The decision adds to the growing body of authority on the statutory Hastings-Bass jurisdiction in the Cayman Islands, and includes guidance on the good faith requirement, standing by successor trustees, notification to tax authorities, and whether section 64A applications should be dealt with on the papers.
Background
The D Trust is a Cayman Islands discretionary trust with a broad class of beneficiaries. It was originally governed by New Zealand law, but its proper law and forum were changed to the Cayman Islands in November 2019.
The trust formed part of a wider estate planning structure. When the D Trust was settled in 2011, the Settlor transferred non-UK situs property into it. A connected trust (the H Trust, governed by Guernsey law) borrowed those funds to purchase a residential property in England. The arrangement was designed to ensure the loan owed by the H Trust to the D Trust remained “excluded property” for UK inheritance tax (IHT) purposes, shielding the value of the UK property from any charge on the Settlor’s death.
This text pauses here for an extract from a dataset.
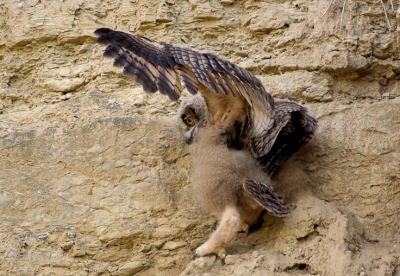 3 jongen waren al zo nu en dan uit het nest welke in een niet meer gebruikte steengroeve zit. Foto vanaf een openbaar wandelpad gemaakt vanaf het statief.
In early 2017, proposed changes to the IHT regime threatened to undermine that planning. The previous trustees instructed a specialist London firm, which recommended (among other options) executing a deed of exclusion to declare the Settlor an “Excluded Person” under the trust deed. The Deed of Exclusion was executed on 30 March 2017, shortly before the new rules took effect on 6 April 2017.
In January 2025, a different London firm reviewed the arrangements and concluded that the original advice had been incomplete and in places erroneous. It had failed to consider: (i) the risk that section 102 of the UK Finance Act 1986 would treat the Settlor as having incurred the H Trust’s liabilities; (ii) whether the charge over the UK property was an “incumbrance created by a disposition made by [the Settlor]” within section 103 of that Act; and (iii) how the General Anti-Abuse Rule might apply to the 2017 arrangements. The D Trust faced the very IHT exposure the Deed of Exclusion was supposed to prevent.
The issues
The current trustee applied by originating summons for a declaration that the Deed of Exclusion was void ab initio under section 64A of the Act. The application was dealt with on the papers. The principal issues were: (i) whether the current trustee had standing; (ii) whether the statutory conditions in section 64A(2) were satisfied; (iii) the scope of the court’s residual discretion (including the good faith requirement and notification of HMRC); and (iv) whether it was appropriate to determine a section 64A application without an oral hearing.
The judgment
The applicable law
Justice Segal adopted the analysis of Justice Kawaley in Maples Trustee Services v AB (In Re Settlements), describing it as “a clear and authoritative summary of the applicable law”. Justice Kawaley had identified three strands of the statutory language:
- the power must be a fiduciary power;
- but for the mistake the power would not have been exercised in the same way, at the same time, or at all; and
- the person exercising the power must have failed to take into account relevant considerations, or taken into account irrelevant ones.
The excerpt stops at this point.